Top of Study material
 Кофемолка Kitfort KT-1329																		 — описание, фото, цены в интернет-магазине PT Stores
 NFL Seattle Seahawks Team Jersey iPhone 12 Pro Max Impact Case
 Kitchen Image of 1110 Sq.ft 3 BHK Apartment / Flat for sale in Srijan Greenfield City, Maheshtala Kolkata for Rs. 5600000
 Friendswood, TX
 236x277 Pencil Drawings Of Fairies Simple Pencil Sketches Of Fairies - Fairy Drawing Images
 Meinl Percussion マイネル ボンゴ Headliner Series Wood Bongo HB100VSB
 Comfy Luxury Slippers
Bottom of Study material
Top of Study material
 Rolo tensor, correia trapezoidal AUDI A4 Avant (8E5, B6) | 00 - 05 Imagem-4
Bottom of Study material
**Exercise requirements**
Repeat exactly the lines above from the one with "Meinl Percussion マイネル" up to and including the one with "Comfy Luxury Slippers". No other line belongs in the reply.

**Answer to this task**
 Meinl Percussion マイネル ボンゴ Headliner Series Wood Bongo HB100VSB
 Comfy Luxury Slippers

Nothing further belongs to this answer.